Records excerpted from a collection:

━━━━

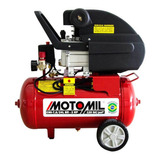 Motocompressor Motomil Cmi 7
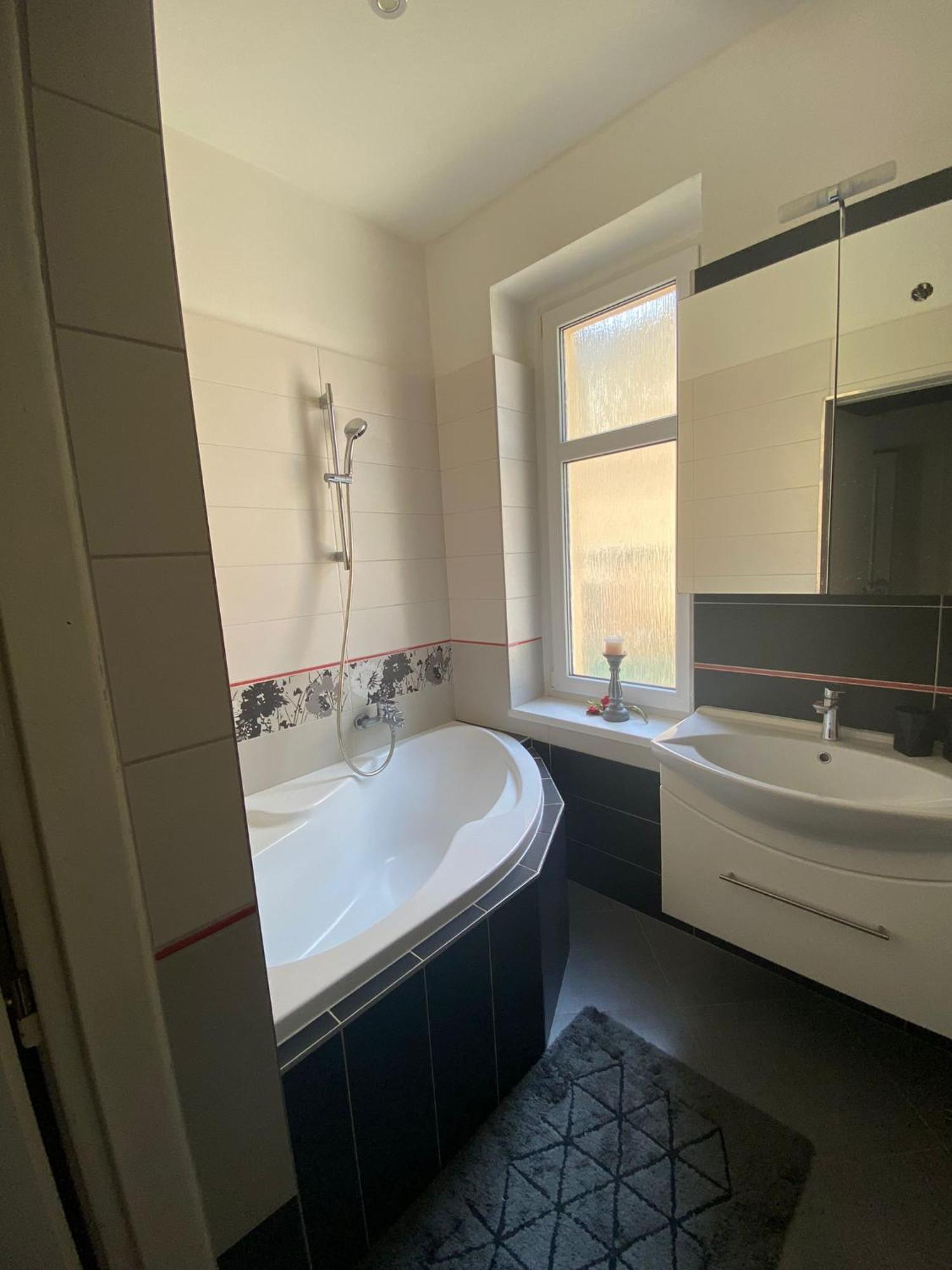 City Center Apartment Katarina Mariánské Lázně Dış mekan fotoğraf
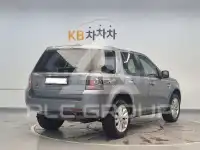 2014 Land Rover Freelander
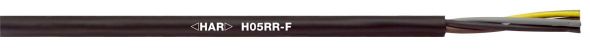 H05RR-F 2x2,5 1600206 R100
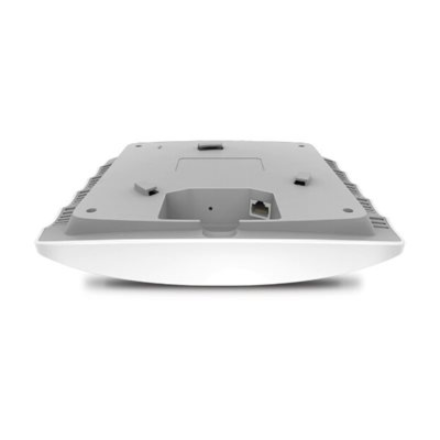 TP-LINK | Access Point | EAP225 | 802.11ac | 2.4GHz/5GHz | 450+867 Mbit/s | 10/100/1000 Mbit/s | Ethernet LAN (RJ-45) ports 1 | MU-MiMO Yes | PoE in | Antenna type 5xInternal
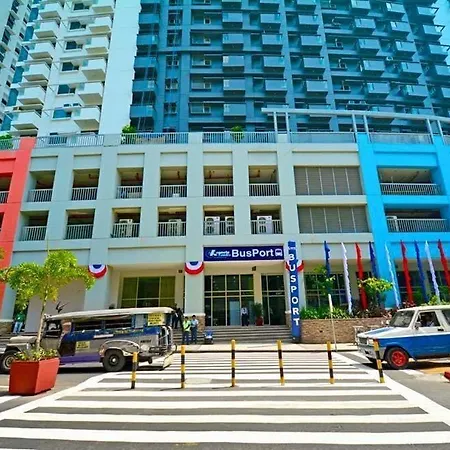 Bryan'S Studio Place In Araneta Center Cubao Quezon City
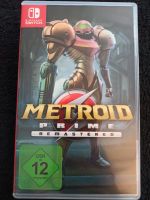 Metroid Prime Remastered für Nintendo Switch Aachen - Aachen-Mitte Vorschau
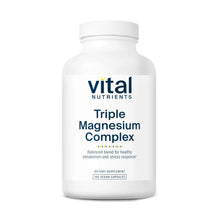 Triple Magnesium Complex 250 mg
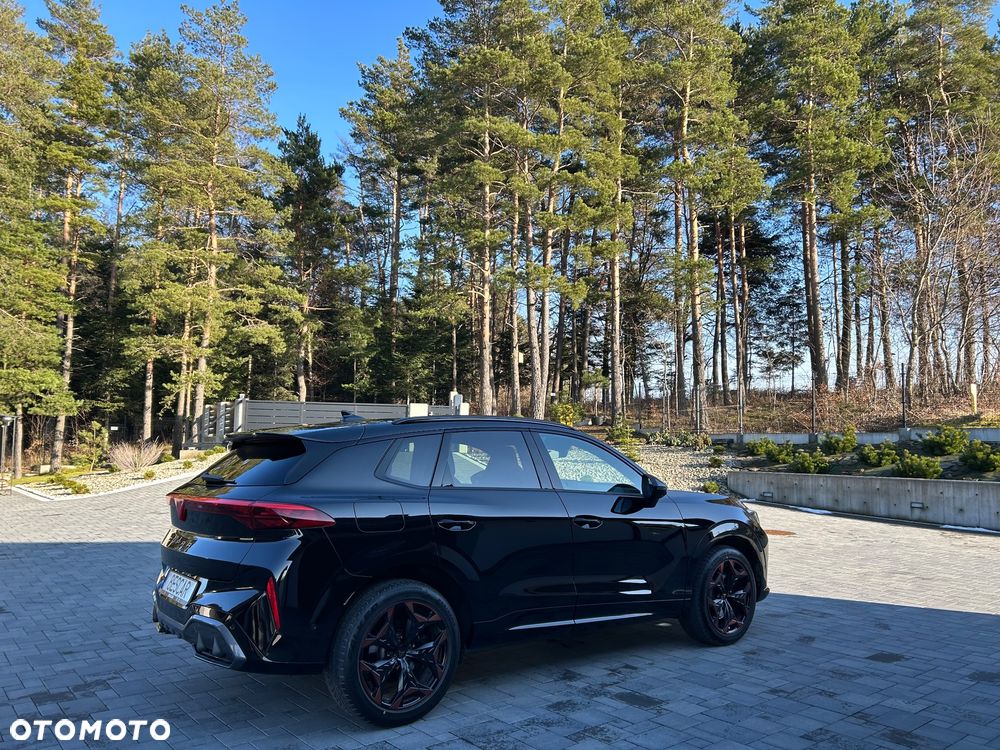 Cupra Terramar 2.0 TSI 4Drive VZ DSG - 16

━━━━

▶ _What is being asked_
Your answer must be an exact copy of the records, with no pictures in it.

▶ _Solution_
 Motocompressor Motomil Cmi 7
 City Center Apartment Katarina Mariánské Lázně Dış mekan fotoğraf
 2014 Land Rover Freelander
 H05RR-F 2x2,5 1600206 R100
 TP-LINK | Access Point | EAP225 | 802.11ac | 2.4GHz/5GHz | 450+867 Mbit/s | 10/100/1000 Mbit/s | Ethernet LAN (RJ-45) ports 1 | MU-MiMO Yes | PoE in | Antenna type 5xInternal
 Bryan'S Studio Place In Araneta Center Cubao Quezon City
 Metroid Prime Remastered für Nintendo Switch Aachen - Aachen-Mitte Vorschau
 Triple Magnesium Complex 250 mg
 Cupra Terramar 2.0 TSI 4Drive VZ DSG - 16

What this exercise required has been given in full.